On July 7 2005 Roberts was in Wiltshire when the news broke of lethal terrorist attacks in London. He jumped into a helicopter and returned to base, to coordinate the local military response to the immediate situation: supporting the emergency services and helping to take some of the strain in the aftermath.
Every inch the solider, he was seen by many as having nearly single-handedly saved the independence of the five Foot Guards regiments – Grenadier, Coldstream, Scots, Welsh and Irish – when they were threatened by bureaucratic reorganisation. Roberts’s charm and diplomacy brought the pen-pushers into line, but it was a close-run thing.
Roberts’s life of service was informed in no small part by his fervent and consistent Catholicism; his late mother had been a protégée of Ronald Knox.
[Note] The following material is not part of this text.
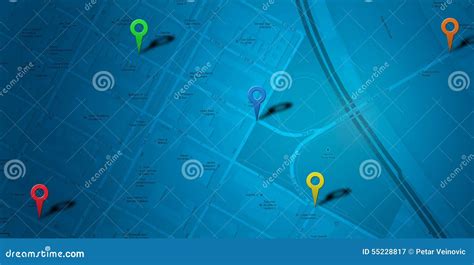 blue map poi stock image image  interest road background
He was chairman of governors at St Mary’s School, Shaftesbury, and as his parents’ eldest son was also effectively the patriarch of an enormous Catholic family.
In Wiltshire, Roberts preferred to worship quietly at Sacred Heart, Tisbury, rather than in the grander setting of nearby Wardour; when asked to pinpoint his greatest achievement, he named his marriage to his wife, Elizabeth, with whom he had four children.
More worldly distinctions inevitably also accrued. Roberts was Master of the Girdlers’ Company from 2020 until his death. He was also the monarch’s representative on the trustees of the Royal Armouries. In retirement he filled his time with travel, books, painting – at Oxford he had gained a reputation as a prodigious caricaturist – and prayer.
Roberts was appointed OBE in 1993 and KCVO in 2007. At his packed requiem at the Brompton Oratory, celebrated by Dom Ambrose Henley of Ampleforth Abbey, his flag-draped coffin was carried into the church by soldiers from his beloved Irish Guards, in their scarlet tunics with brass buttons and golden shamrocks at their collars. Quis separabit?
Major-General Sir Sebastian Roberts KCVO OBE, January 7 1954 – March 9 2023.